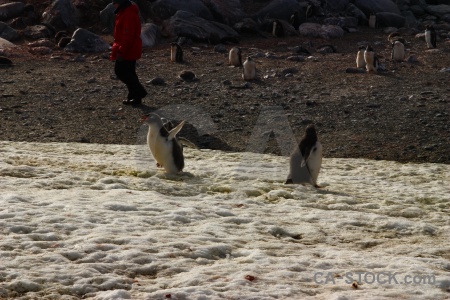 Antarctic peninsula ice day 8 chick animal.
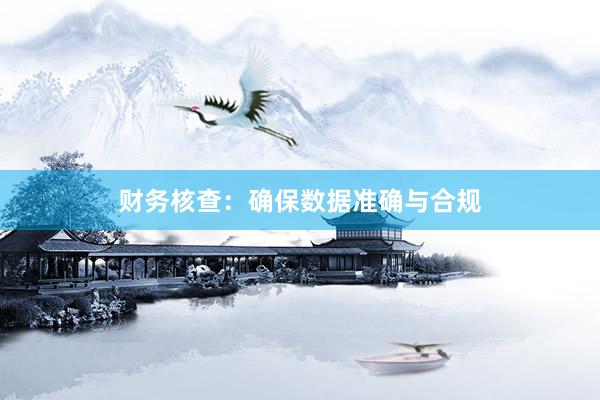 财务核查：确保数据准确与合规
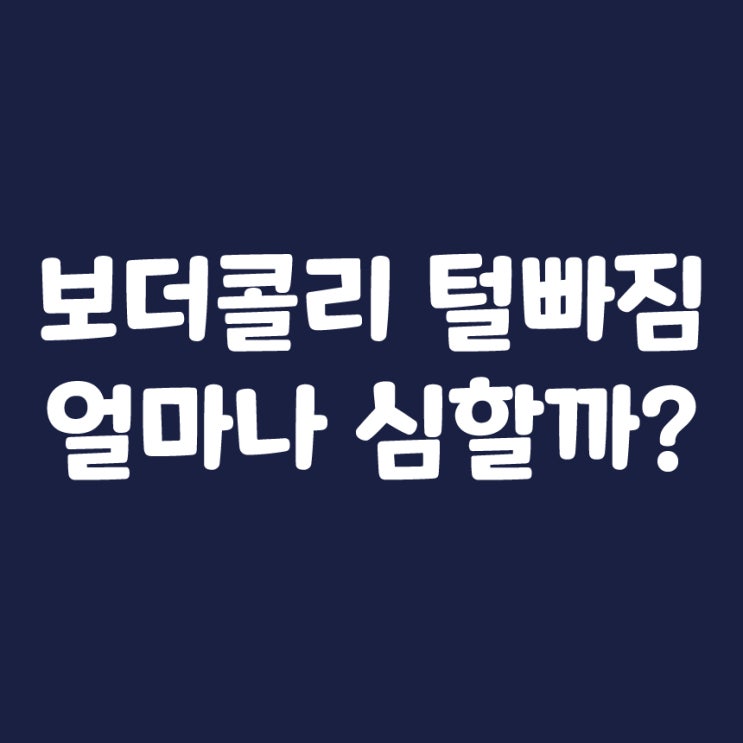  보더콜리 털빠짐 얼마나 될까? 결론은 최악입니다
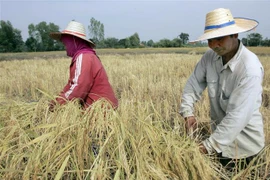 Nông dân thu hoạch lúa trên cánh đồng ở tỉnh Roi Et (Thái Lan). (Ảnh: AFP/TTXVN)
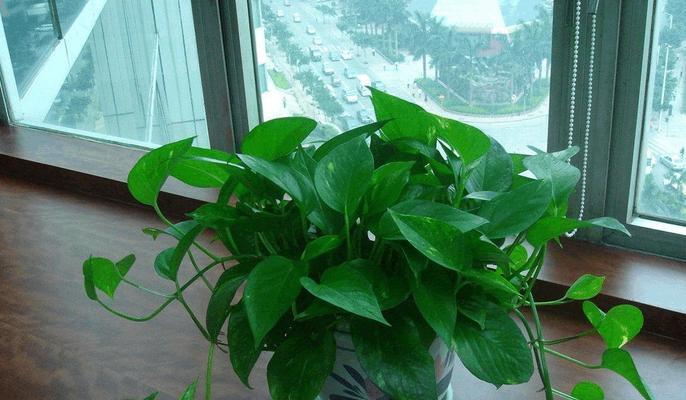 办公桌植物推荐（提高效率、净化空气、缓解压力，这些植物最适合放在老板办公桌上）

...

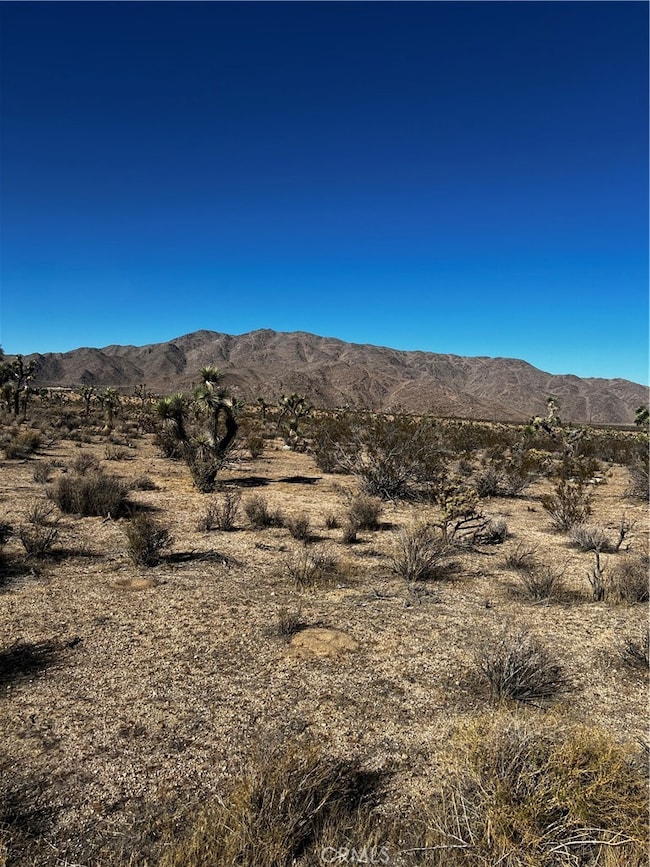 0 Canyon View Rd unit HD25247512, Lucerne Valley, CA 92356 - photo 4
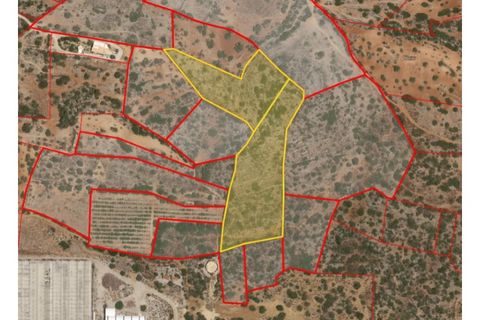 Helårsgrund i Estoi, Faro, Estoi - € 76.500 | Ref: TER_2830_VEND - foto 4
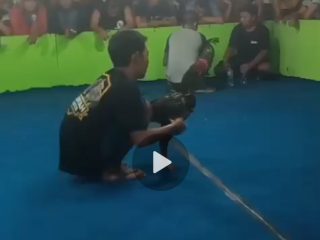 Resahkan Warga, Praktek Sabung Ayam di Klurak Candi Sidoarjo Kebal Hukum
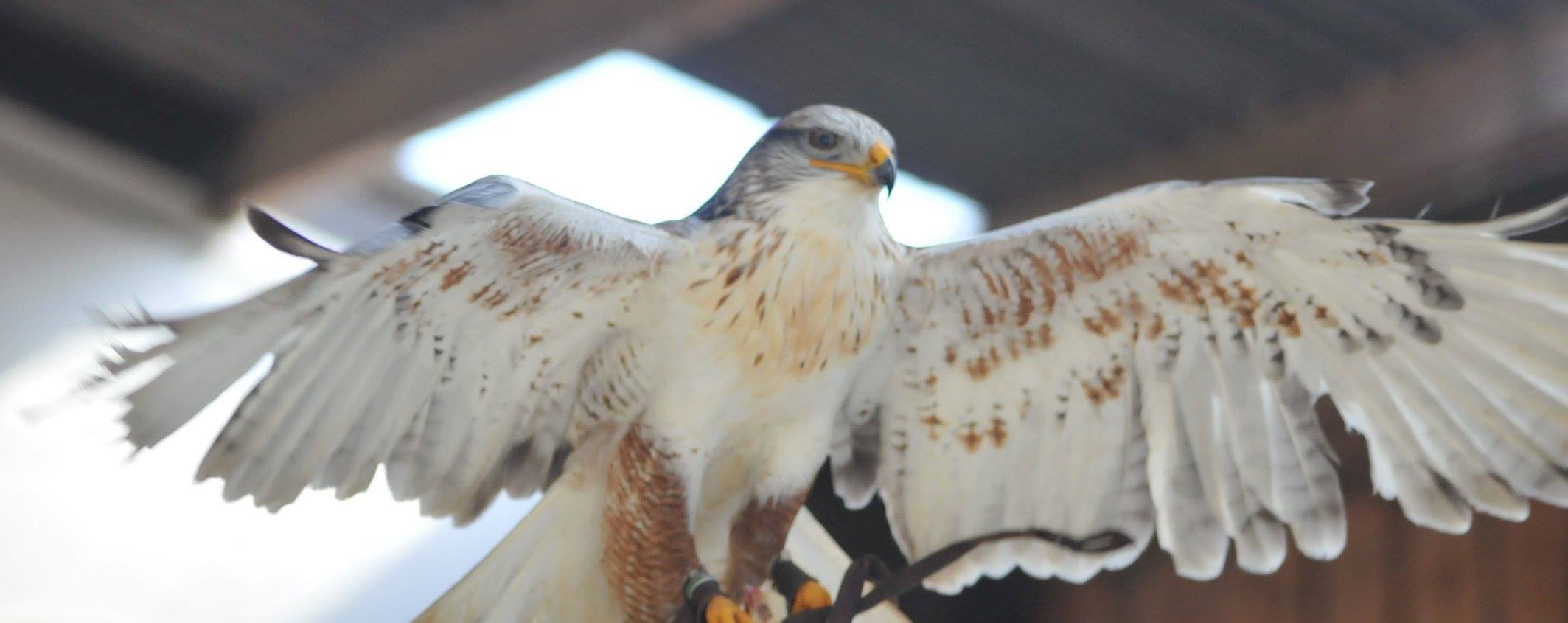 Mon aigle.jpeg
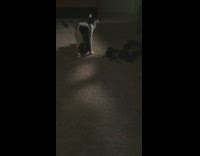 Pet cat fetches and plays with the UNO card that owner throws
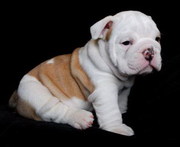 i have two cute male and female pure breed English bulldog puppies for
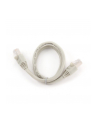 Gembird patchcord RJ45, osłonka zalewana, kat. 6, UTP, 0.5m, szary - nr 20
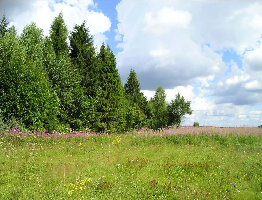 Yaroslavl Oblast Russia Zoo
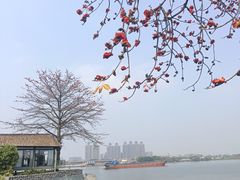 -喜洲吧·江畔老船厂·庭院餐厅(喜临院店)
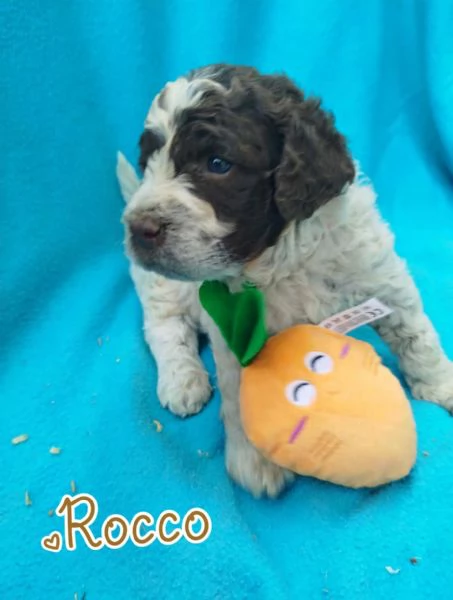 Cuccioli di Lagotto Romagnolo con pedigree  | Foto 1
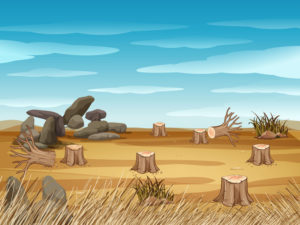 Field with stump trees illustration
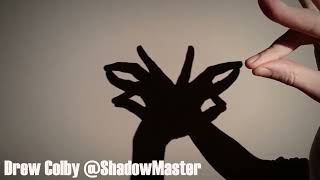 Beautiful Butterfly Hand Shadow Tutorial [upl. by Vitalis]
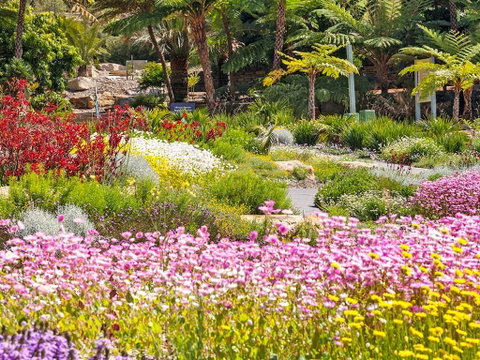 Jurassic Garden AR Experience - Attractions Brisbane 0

Exercise aim:
Above, find the line with "Antarctic peninsula ice day 8 chick animal."; copy it and every line down to the line with "办公桌植物推荐（提高效率、净化空气、缓解压力，这些植物最适合放在老板办公桌上）", exactly and both included, but no pictures.

Solution:
 Antarctic peninsula ice day 8 chick animal.
 财务核查：确保数据准确与合规
  보더콜리 털빠짐 얼마나 될까? 결론은 최악입니다
 Nông dân thu hoạch lúa trên cánh đồng ở tỉnh Roi Et (Thái Lan). (Ảnh: AFP/TTXVN)
 办公桌植物推荐（提高效率、净化空气、缓解压力，这些植物最适合放在老板办公桌上）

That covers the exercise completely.